My client read the summaries and shared with me that many of her team reports have stated she got good results but seemed “reserved, calculating, unfriendly, and stern.” She said she was not surprised, but she wanted to change that view and asked for coaching to assist.
In my history taking of her past, I learned she was an above average student, went to prestigious schools, and was also a concert pianist from a young age.
But when speaking of the music skills, she became emotional and said, “I was good, but I never enjoyed it.”
She had been forced to practice and perform by her parents, who sought for her to express her skill, but they were very demanding and stern in the process.
I asked what else about her early childhood or adolescence could she remember that was joyful, outside of her academics and music.
There was a long pause and a sigh. She finally said, “I don’t remember having much fun or playing with other kids. I was busy with my schoolwork, music lessons, and practice, and I felt disconnected.” As I allowed her to sit with that thought, she sighed and paused again. “Wow! That’s sad, isn’t it?”
I asked, “What was fun for her today? How had she found ways to experience and express joy?”
She then responded, “I experience joy from my leadership role and the creative outcomes, and I enjoy going to art showings and other activities with a few friends or someone whom I am dating.”
I silently thought, “This woman needs to find a way to have childlike fun, laughter, and unplanned, spontaneous enjoyment.” But as a coach, I did not tell her that. I just explored my thinking with a request. I then asked her “what experiences have you had around children, either in the past or present time.?”
She had no children of her own; nor did she have any pets. She reported that “my five-year-old niece sometimes comes over with my sister, and I really enjoy watching her.“
I then asked “what do you like about that?” and she said “my niece just has fun with nothing and anything. She makes up stories to act out. She plays with My Little Pony and other children’s toys. But she also makes friends quickly with other kids when we got to the park or the zoo.”
That’s when I had a creative idea, which often happens in coaching once intuition kicks in. I asked, “Would you would consider an odd request?”
And she, of course, trusting me, said, “Well, it depends.”
I asked, “would you be willing to go to a nearby park and observe the children for at least an hour? Just sit on the bench and have a book or a lunch, and just observe and notice how kids play and interact with joyful exuberance. Would you do that?” (Truthfully I had no idea what I sought or what might happen, but I felt it was worth the experiment.)
She agreed, and the next week, our session was one of a great breakthrough. She came on the call, and after some pleasantries to settle in, I asked, “How did the experiment in the park go?”
There was a pause and then a giggle. And then she said, “You are not going to believe what happened.”

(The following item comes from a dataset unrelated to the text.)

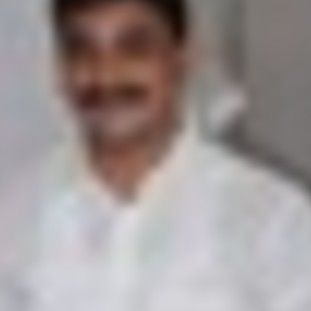 M. JINESH KUMAR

Intrigued, I asked, “Please say more.”
After an hour of watching and observing, she felt a strange urge to get on one of the swings and just swing. When she did that, the nearby kids chuckled, and some came to push her, as an adult would do to a kid. Laughing and swinging, she was having no sense of being a proper adult. She was being childlike and freely playing. She then went to the park on another day over her lunch break, and some of the same kids greeted her. She said she had a sense of belonging and feeling accepted in a way she never had.
The end result of this story is that the playful personality carried over to work. She began being warmer to her staff, asking about their families, looking at photos of their kids or grandkids, and showing a newfound appreciation of the lessons from children in playfulness. She told me that opened her up to a willingness to be childlike at times, but not childish.
Months later, her staff gave her feedback about how much more fun she was. Even though she was still the boss, she was more respected. And she was promoted to a job in Asia as a result, which she had always wanted.
Where can you ‘lighten up”?
And how can you learn to have more fun and be more playful while still taking your life and work and loving seriously?